Thailand is the world's largest seafood exporter, its exports valued at about US$6.5 billion annually.

"Thailand's fishing industry is rife with trafficking and abuse".

Many reports since 2000 have documented the forced labour of trafficked workers in the Thai fishing industry. Thousands of migrants have been forced to work on fishing boats with no contract or stable wages.

A detailed study of the motives, practices, and context surrounding the use of forced labour on Thai boats was published by the International Organization for Migration (IOM) in 2011.

In the US State Department's Trafficking in Persons Report, 2014 (TIP), the US government lowered Thailand's human trafficking ranking to "Tier 3", the lowest possible. Trafficking in the Thai fishing industry figured significantly in the downgrade. Tier 3 nations are defined as, "Countries whose governments do not fully comply with the TVPA's minimum standards and are not making significant efforts to do so." Thailand's downgrade has focused the attention of human trafficking and environmental organisations on tracking Thailand's progress on the issue. In the view of some, little progress has been made.

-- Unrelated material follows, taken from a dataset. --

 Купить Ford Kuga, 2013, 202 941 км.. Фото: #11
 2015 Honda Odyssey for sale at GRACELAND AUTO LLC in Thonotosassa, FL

On the heels of critical reports of human trafficking and violence against fishermen in 2014 and 2015, the European Union (EU) issued Thailand a "yellow card" warning over its illegal, unreported, and unregulated (IUU) fishing practices. This threatened an EU ban on Thailand's EU seafood exports if it failed to clean up its fishing industry. On-going flaws in Thailand's efforts to protect workers as well as insufficient sustainable fishing policies were cited by the EU as they kept Thailand on the yellow card watchlist after reexamining Thai fishing practices in the first half of 2018.

The Thai government opposed these actions, but it vowed to do better. In his Friday night "Returning Happiness to the Thai People" address of 27 March 2015 on national television, Prime Minister Prayut Chan-o-cha vowed to put an end to human trafficking in the Thai fishing industry "for once and for all". Prayut was quoted as saying, "If such abuses of fellow humans continue, I will instruct that they should not be allowed to do any business any longer in Thailand and they must be punished," Gen Prayut said. "Don't...blame me for being cruel. How can you take advantage of other people? You're incredibly rich and have dozens of boats. It is time to abide by the law."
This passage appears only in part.